Vermont Electric Cooperative (VEC), a member-owned utility in northern Vermont, is preparing for a future of increased electrification. The utility is already seeing rapid growth in distributed energy resources (DERs), particularly EVs and community-scale solar, and expects peak demand to double by 2040.
This growth poses a costly challenge: analysis showed that 30–40% of VEC’s distribution transformers, lines, and substations could become overloaded—requiring an estimated $80–100 million in grid upgrades. As a not-for-profit cooperative, those costs would strain both rates and resources.
VEC wanted to find a smarter path forward. Instead of relying solely on capital upgrades, the team sought practical, scalable approaches to manage flexible, grid-connected resources and make better use of the infrastructure already in place.
To address this challenge, VEC partnered with Camus Energy to build a foundational platform for grid-aware flexibility—starting with transformer-constrained EV charging. The pilot used forecasted meter-level loads, AMI-based EV detection, and direct control of ChargePoint chargers to reduce charging rates during periods of high transformer loading.

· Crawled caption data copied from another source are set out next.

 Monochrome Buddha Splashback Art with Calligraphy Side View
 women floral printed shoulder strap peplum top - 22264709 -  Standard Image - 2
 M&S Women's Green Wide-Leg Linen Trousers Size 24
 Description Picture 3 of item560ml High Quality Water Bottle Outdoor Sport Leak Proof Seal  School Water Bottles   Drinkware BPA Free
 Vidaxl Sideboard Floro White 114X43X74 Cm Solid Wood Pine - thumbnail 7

With over 22,000 transformers systemwide, VEC had already replaced more than 50 due to EV-related overloading—and the number was climbing. The pilot demonstrated how dynamic charging could protect infrastructure and avoid further strain on supply chains and staff time.
"Everyone sees a consistent view of the grid and makes decisions based on the same integrated datasets. We believe intelligent DER management will be an integral part of future grid operations, and the platform can enable that.” - Cyril Brunner, Innovation & Technology Leader, Vermont Electric Cooperative
Over five days, VEC and Camus successfully managed residential charging rates to stay within transformer limits—while still delivering a full charge by morning. A coordinated demand response event layered on top confirmed the platform’s ability to support both local and system-level signals. The member noticed no impact.
The pilot showed how VEC can manage growing DER adoption without costly upgrades—starting at the transformer level and scaling over time.
With Camus, VEC now has a tested data foundation for grid-aware DER management across a range of use cases:
This early success sets the stage for broader grid orchestration—from EVs and batteries to solar and large-scale load flexibility.